Ms GRIERSON (6:23 PM) —I am very pleased and very proud to rise to speak in support of the Paid Parental Leave Bill 2010 and the related bill. For me, this is legislation that represents all of the good things that Labor governments always strive for: empowering everyone in our communities, empowering women. This is also the sort of legislation that occurs when women represent women. I am very proud of the women on this side of the House. I congratulate Minister Macklin. It is good to have people who understand the importance of paid parental leave in this country and the importance of that leave to women. I am a woman who has been in the workforce for almost four decades. This should never have taken this long. It has been overdue for so long. We thought that the 1970s were the enlightened era, yet this has taken until now. It is about time. This is historic legislation. It is legislation that families and women in Australia will cherish forever. They should mark the passing of it in their calendars as a special date to celebrate.

It is to the shame of the previous government that we are only one of two OECD countries that have not already introduced a paid parental leave scheme. Finally, with this legislation, we will catch up to the rest of the world. It is truly astounding. Traditionally, only half of Australian women had access to paid parental leave. It is absolutely undeniable that the women who have had access to paid parental leave are generally public servants working for governments and people in higher paid professional positions. That is certainly not fair. This Labor government cares about equity, fairness and opportunity for everyone. This legislation addresses that inequity and makes sure that all Australian women who work have access to paid parental leave. With the safe passage of these bills through the House, it is expected that almost 150,000 families across Australia will benefit.

The Rudd government staged its seventh community cabinet in the Hunter on 29 September 2008 and on that same day the Productivity Commission report was handed down. After congratulating the staff of the John Hunter Hospital, our big regional hospital, for their care, the Prime Minister—with Jenny Macklin, the Deputy Prime Minister and the Treasurer all there—made this statement:

Having just visited the midwives and looked at some of the outreach work that they do, it’s quite plain that one of the essential services they provide is this combination of pre-natal care and post-natal care. Post natal visits out to new mums, to make sure that mum and bub are doing well.

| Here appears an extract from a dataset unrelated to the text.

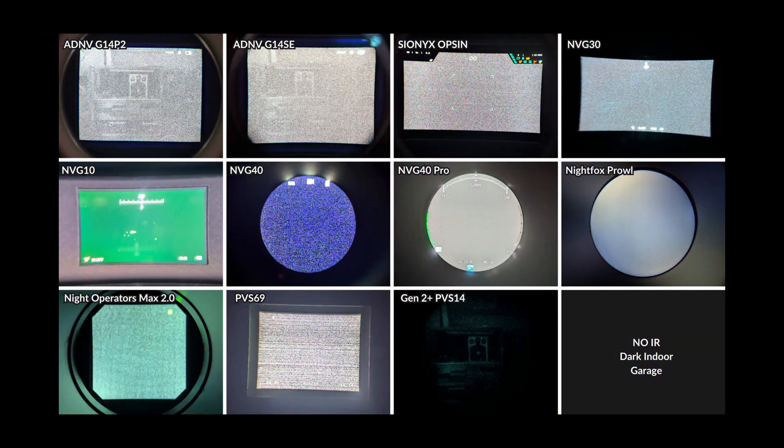With the door shut and nearly all ambient lighting removed, we're still able to get a very good picture with the ADNV G14 P2. The G14 SE is about on par with the analog Gen 2 Plus night vision, and we can see a very minor outline of the target with the NVG30 and the Opsyn, but we've completely lost visibility with the rest of the devices in the lineup.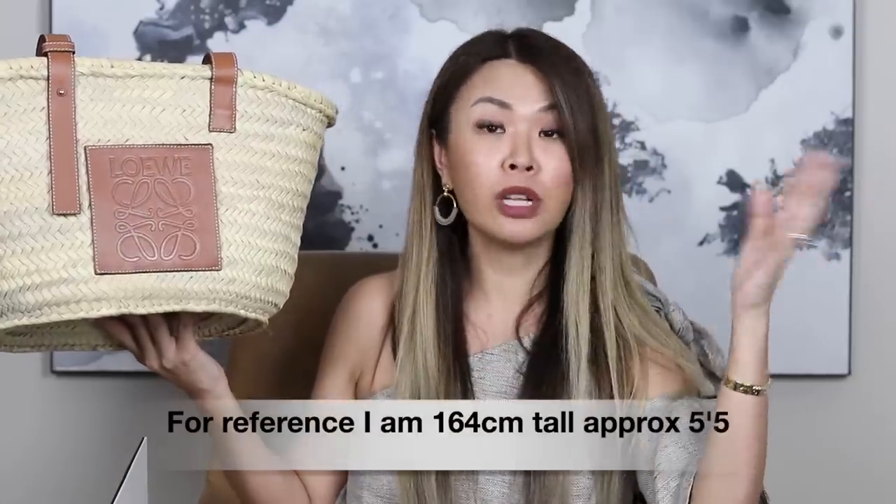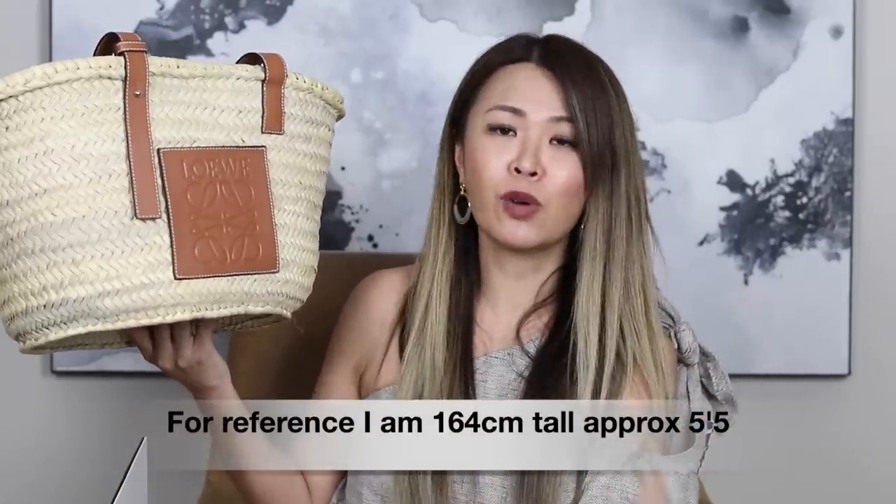I will reveal the price as well. This size — the medium — is 590 Australian dollars, and the small is $510 I believe. I'm not sure how much the large is, but there isn't a huge difference between the small, medium, and large, though the large is really big. I think if you're super tall, or if you want a unisex option, the large may suit you. But I think the medium is just the perfect size. The small is super cute too — I was umming and ahhing between them both, but decided in the end to go with the medium.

In fact we met a new bub today, his name is Carson who now shares a birthday with the Deputy Prime Minister, Happy Birthday Julia. Carson is 5 hours old, Julia is just a little bit older than that.

But this brings us to the whole question of part of the challenge for the future which is the future needs of the Australian economy. The Australian economy of the future will have stay at home mums who we’ll be supporting with the baby bonus, but also mums in the paid workforce who we will also be supporting with paid maternity leave and it’s time Australia bit the bullet on this.

It’s going to be a challenge to make sure we get the exact policy settings right because we are in the midst of serious global economic challenges. But we are determined to get that balance right for the future.

We’ve had 12 years of neglect on this, it’s time Australia bit the bullet on paid maternity leave, we intend to get on with the job and we will get the policy setting right once we work our way through the detail of this report.

Thank you, Prime Minister. As a women and a mother of two women, I was very proud that first commitment to paid parental leave was made in my electorate. I am proud to stand here and see it being delivered. We will get to the opposition’s role in that later.

This legislation will support women to maintain their connection to the workforce and at the same time boost workforce participation. For the first time, casual and part-time workers, as well as contractors and the self-employed, will be eligible for paid parental leave. More importantly, it will ensure that new parents will have the financial security to take the time off work to give a newborn baby the attention that it needs and deserves. And we will see businesses benefiting from the retention of skilled female staff while not having to pay for that maternity leave. That is vital. It is an important difference between the opposition’s policy and ours. When you push the burden of paying for parental leave onto business, you make women very undesirable as workers. That is never acceptable. It is a sensitivity that the opposition overlook. You cannot have business see the employment of women as a risk factor or as a financial burden in any way. That would be to the detriment of the whole skill base of our nation and to the strength of our economy.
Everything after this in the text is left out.